The concept of “nurturing” has never been more imperative than it is today.  Nurturing can deliver huge returns by shaping the perceptions about you held by customers, prospects; and for your company’s reputation in the marketplace, as well. Nurturing is the effort you undertake to build relationships by providing insightful, relevant information perceived as valuable by your audience, most often by helping them solve urgent problems.

You’re probably thinking, no, what a minute, what about the sale? The answer is, for a complex sale, you’re nowhere near the buying decision until you’ve engaged the prospect and earned their trust. And, unless you have insights about exactly what their most urgent problems are, you’ve got to explore your opportunities, and their interest levels.

Nurturing is a process. It involves putting your expertise out there and then measuring and monitoring your lead’s response and behavior to learn how to tune your communications and content to garner more of their attention. As you get to know them, you’ll be able to assess interests and deliver content and communications that extend that interest. When their interest level escalates, you’ll know and be able to easily embark on a dialogue without missing a beat.

The ability to determine relevant segmentation and assess interest levels are two of the payoffs of a good nurturing strategy.

Segmentation:
Everyone is talking about segmentation lately. Seth Godin, in his new book, Meatball Sundae, talks about an emphasis on niches and the importance of focusing on thin slices or reachable people and foregoing any idea of mass appeal.
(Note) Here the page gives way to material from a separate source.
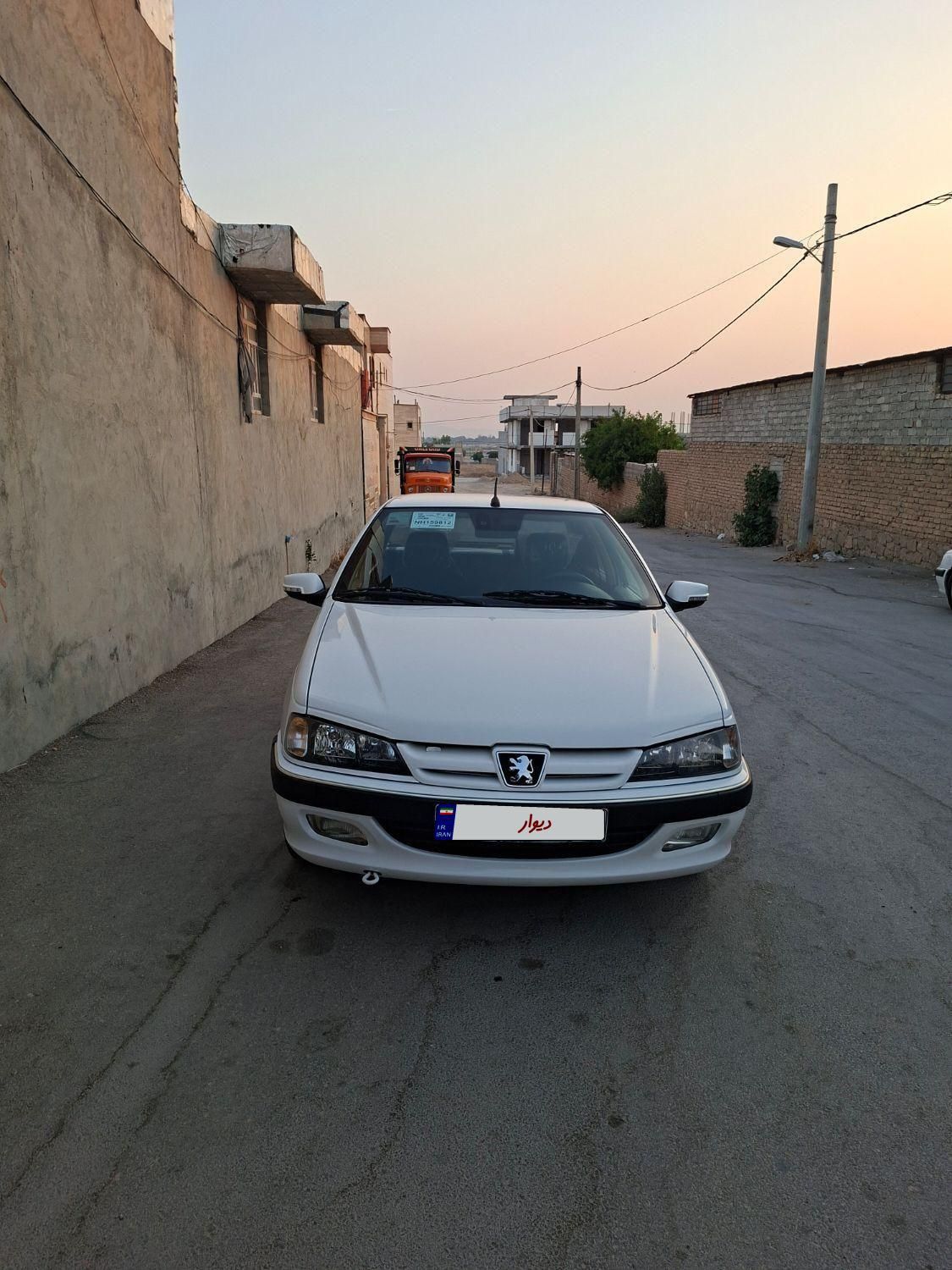 پژو پارس ELX-XU7P سفارشی - 1401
This is why your ability to monitor and measure responses on an individual prospect level can provide intelligence critical to driving outcomes from your marketing.

What nurturing is not is one-off email communications that are all over the board. Choose a focus and stay with it long enough to determine who’s actively interested, cull them from your larger database and engage them by expanding the information and expertise you share with them in that area.

You can segment by industry, by problem/solution and by opportunity. Slicing thin can also include focusing on trigger events that reshuffle priorities like compliance issues or industry innovations.

Active Interest:
All leads are not created equally. Some will gain momentum and some will not. Nurturing also has different levels. There are different reasons leads will read your information, which makes lead scoring a bit of a challenge.

Your lead database can respond for a variety of reasons:
•    They like free information.
•    They’re researching.
•    They’re comparing you to a competitor.
•    They find your expertise valuable.
•    They have the problem your communications address.

To name a few. The nurturing process can help you sift through the leads kicking tires and create momentum for the ones who are really interested in finding a vendor to engage with to help them solve an urgent problem. You can continue to send nurturing to your general database, but to increase momentum you need to focus on the highly motivated participants to your communications.

Supplementing your online communications with personal touches can help you flesh out the profiles and intelligence you’re gathering about your leads. If your leads are really interested, they’ll talk to you because they feel they’ve gotten to know you through your communications. But, make sure you have a business reason to call them. The goal is to become a trusted colleague and valuable resource for information that your prospect finds valuable. If you do get them on the phone, probe subtly about what they found valuable in the last article you know they read and then offer to send them something else they may find meaningful. Every interaction you have with your prospects and customers should add value—from their perspective.

Remember, that nurturing builds relationships based on the cumulative efforts of all your touch points. As Stephen M.R. Covey says in his book The Speed of Trust, “The way we talk about things can create a shift in how we see and how we behave, as well as in how others see us.”